Laboratório de Fisiopatologia Experimental, Programa de Pós-graduação em Ciências da Saúde, Universidade do Extremo Sul Catarinense, Criciuma, SC, Brazil.
Neurochemical Research (Impact Factor: 2.55). 12/2008; 34(6):1021-9. DOI: 10.1007/s11064-008-9865-8
Source: PubMed

ABSTRACT Mitochondrial oxidative phosphorylation is the major ATP-producing pathway, which supplies more than 95% of the total energy requirement in the cells. Damage to the mitochondrial electron transport chain has been suggested to be an important factor in the pathogenesis of a range of psychiatric disorders. Tissues with high energy demands, such as the brain, contain a large number of mitochondria, being therefore more susceptible to reduction of the aerobic metabolism. Mitochondrial dysfunction results from alterations in biochemical cascade and the damage to the mitochondrial electron transport chain has been suggested to be an important factor in the pathogenesis of a range of neuropsychiatric disorders, such as bipolar disorder, depression and schizophrenia. Bipolar disorder is a prevalent psychiatric disorder characterized by alternating episodes of mania and depression. Recent studies have demonstrated that important enzymes involved in brain energy are altered in bipolar disorder patients and after amphetamine administration, an animal model of mania. Depressive disorders, including major depression, are serious and disabling.
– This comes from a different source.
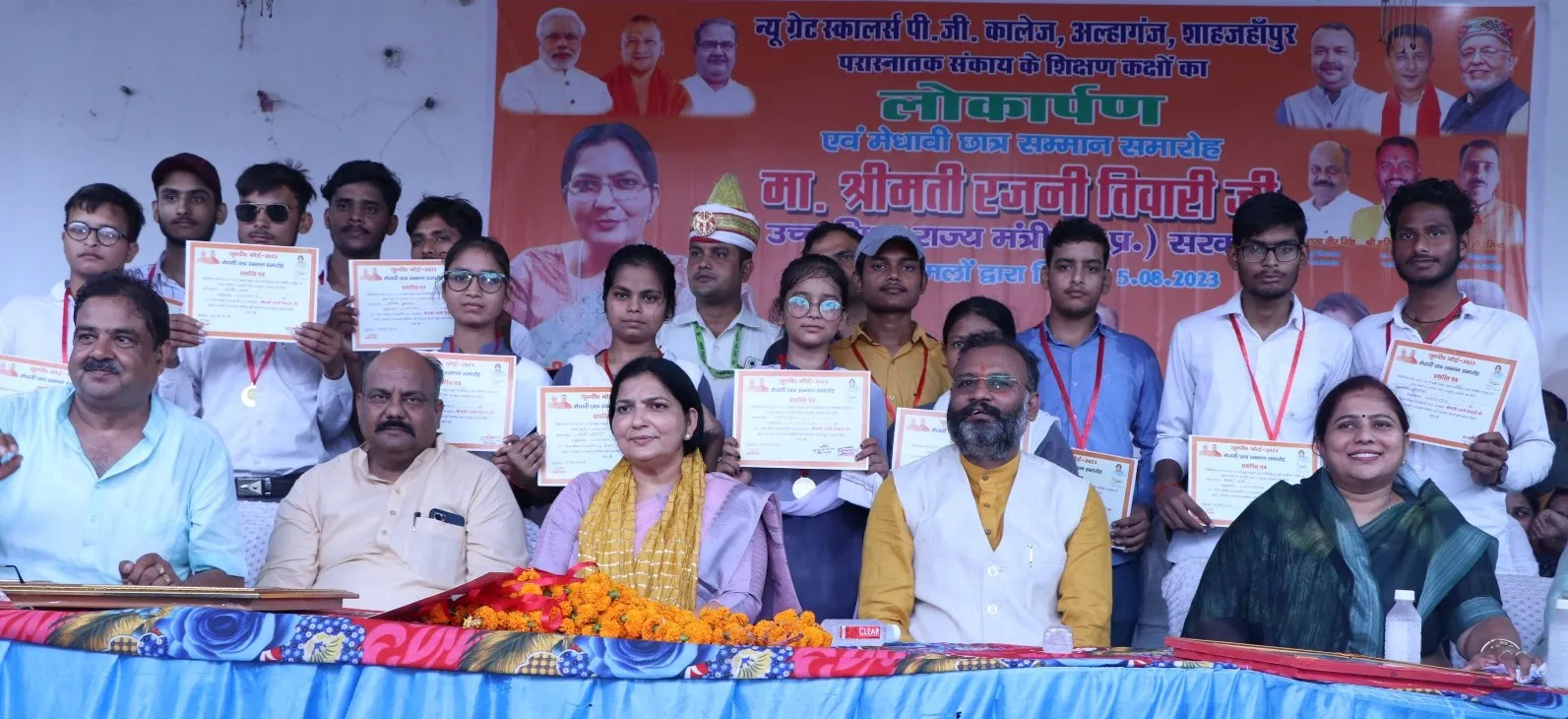 शाहजहांपुर: शिक्षा एक एकमात्र माध्यम, जिससे बनता है उन्नति का रास्ता: रजनी तिवारी 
However, the exact pathophysiology of depression is not clearly understood. Several works have demonstrated that metabolism is impaired in some animal models of depression, induced by chronic stress, especially the activities of the complexes of mitochondrial respiratory chain. Schizophrenia is a devastating mental disorder characterized by disturbed thoughts and perception, alongside cognitive and emotional decline associated with a severe reduction in occupational and social functioning, and in coping abilities. Alterations of mitochondrial oxidative phosphorylation in schizophrenia have been reported in several brain regions and also in platelets. Abnormal mitochondrial morphology, size and density have all been reported in the brains of schizophrenic individuals. Considering that several studies link energy impairment to neuronal death, neurodegeneration and disease, this review article discusses energy impairment as a mechanism underlying the pathophysiology of some psychiatric disorders, like bipolar disorder, depression and schizophrenia.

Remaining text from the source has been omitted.